┌──

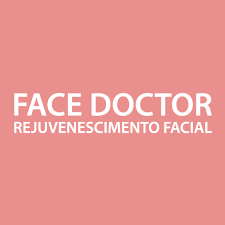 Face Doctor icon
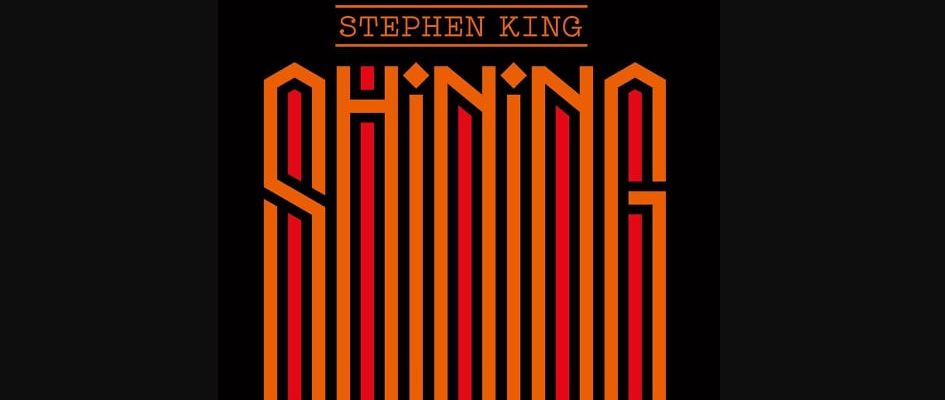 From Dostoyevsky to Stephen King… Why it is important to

└──
┌──

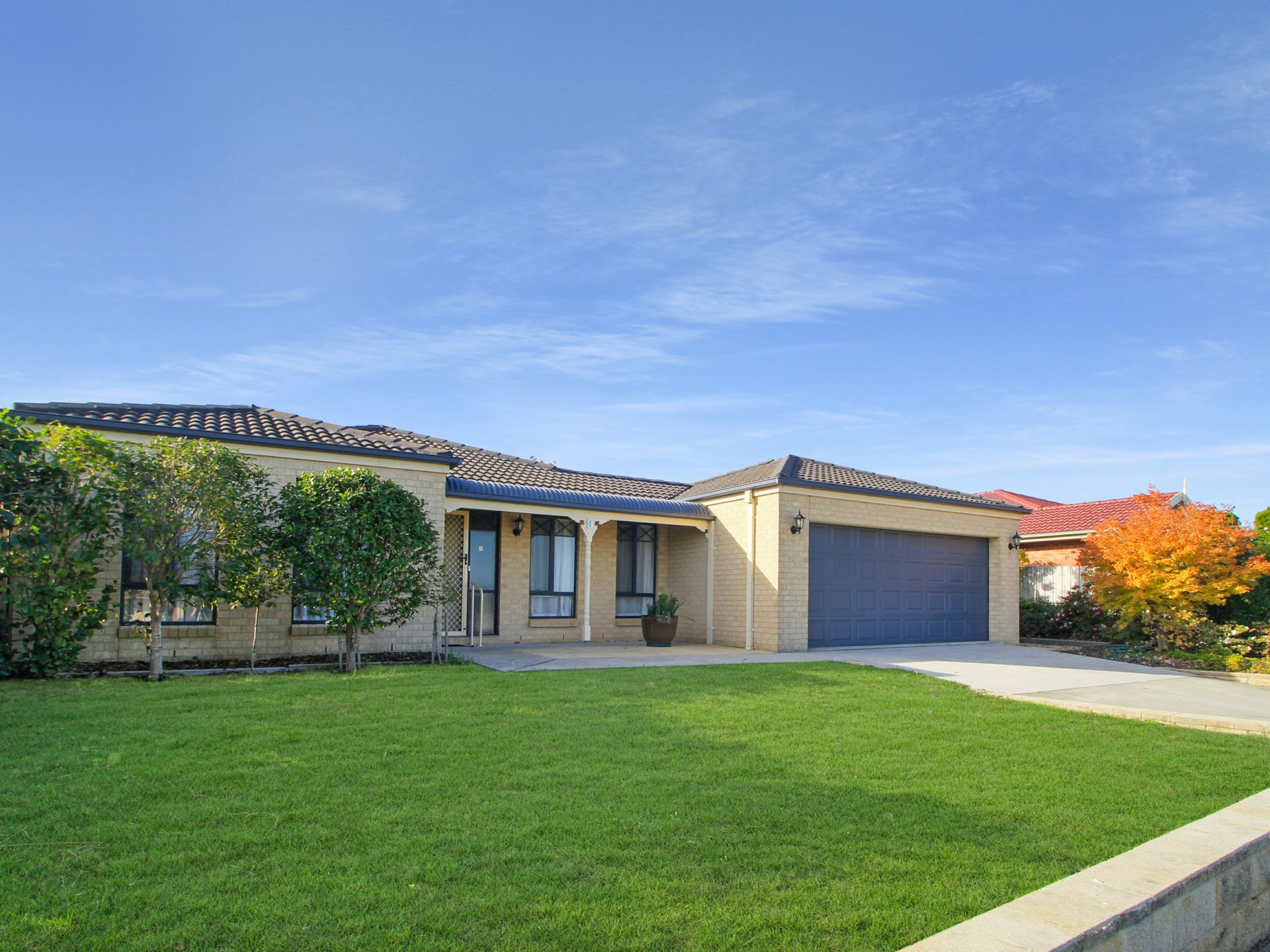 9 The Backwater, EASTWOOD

└──

What the task asks: Look above for the line with "Face Doctor icon" and the line with "From Dostoyevsky to". Copy them and every line between, exactly, but no pictures.

Answer section:
 Face Doctor icon
 From Dostoyevsky to Stephen King… Why it is important to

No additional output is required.